**WHAT THE EXERCISE ASKS**
Please return each entry that follows exactly as given, but without pictures.

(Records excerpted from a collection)
#####

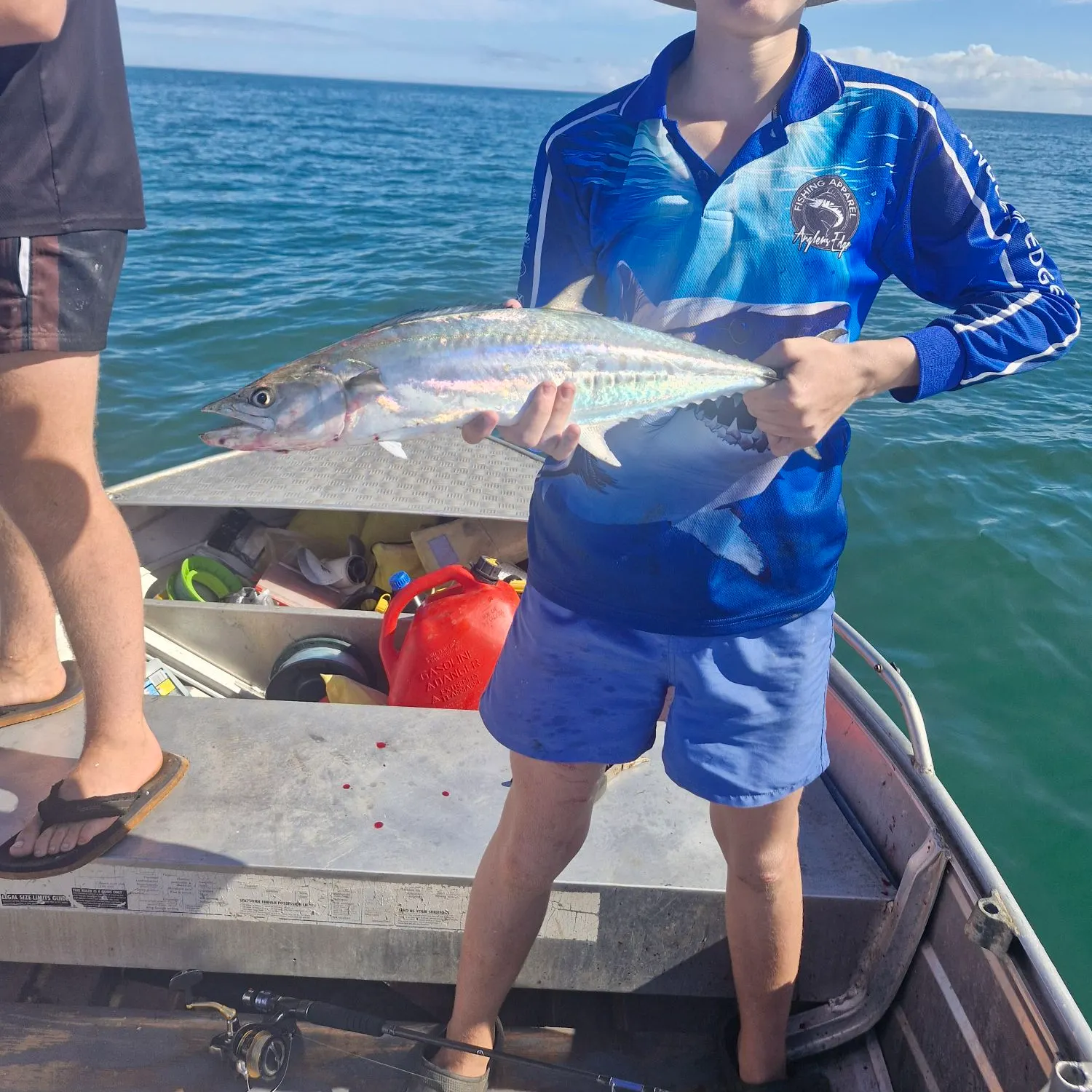 The most recent Narrow-barred Spanish mackerel catches on Fishbrain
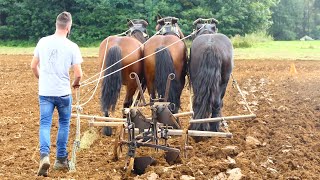 Highlevel championship of horse plowing [upl. by Tshombe]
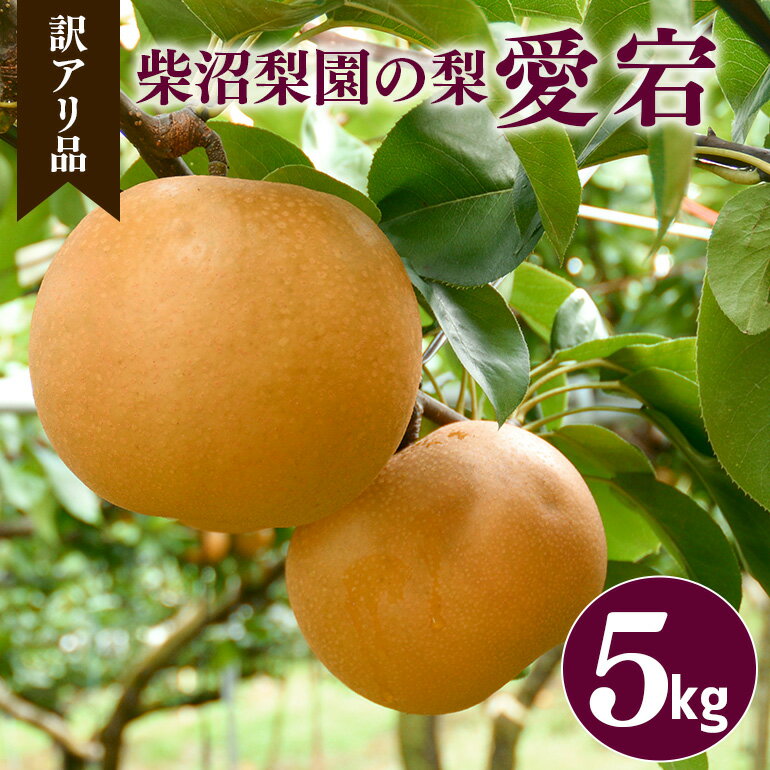 【ふるさと納税】【 訳あり 】柴沼梨園の梨（ 愛宕 ） 梨 5kg 大玉 6～14個入り 訳アリ 不揃い ナシ なし 国産 茨城 新高梨 秋 旬 フルーツ 果物 先行予約 【9月下旬～10月上旬発送】 秋の味覚 旬の果物 くだもの 大きい サイズ 品種 産地 茨城県産 家庭用 産地直送 送料無料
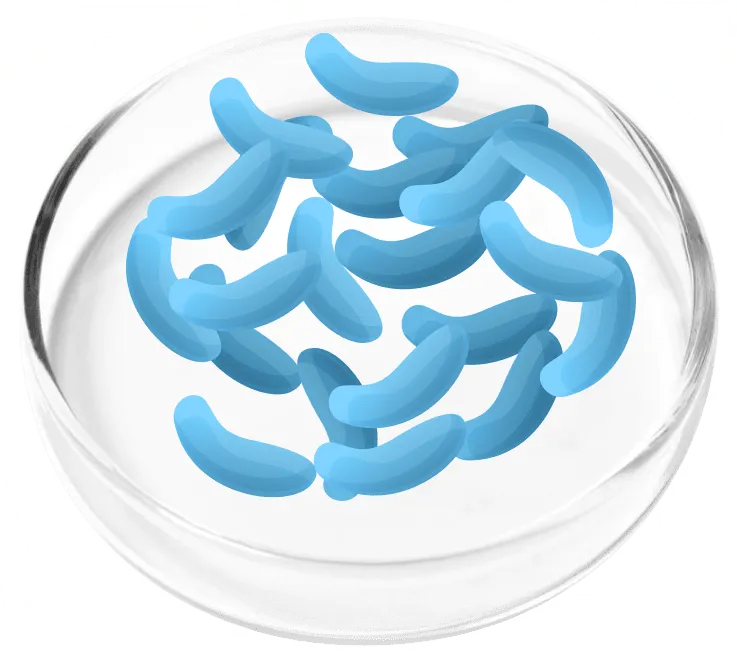 FemiCore-ingredients-8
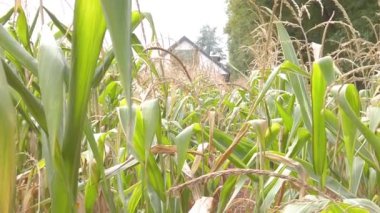 Crossing cornfield in slow motion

#####

**WRITTEN REPLY**
 The most recent Narrow-barred Spanish mackerel catches on Fishbrain
 Highlevel championship of horse plowing [upl. by Tshombe]
 【ふるさと納税】【 訳あり 】柴沼梨園の梨（ 愛宕 ） 梨 5kg 大玉 6～14個入り 訳アリ 不揃い ナシ なし 国産 茨城 新高梨 秋 旬 フルーツ 果物 先行予約 【9月下旬～10月上旬発送】 秋の味覚 旬の果物 くだもの 大きい サイズ 品種 産地 茨城県産 家庭用 産地直送 送料無料
 FemiCore-ingredients-8
 Crossing cornfield in slow motion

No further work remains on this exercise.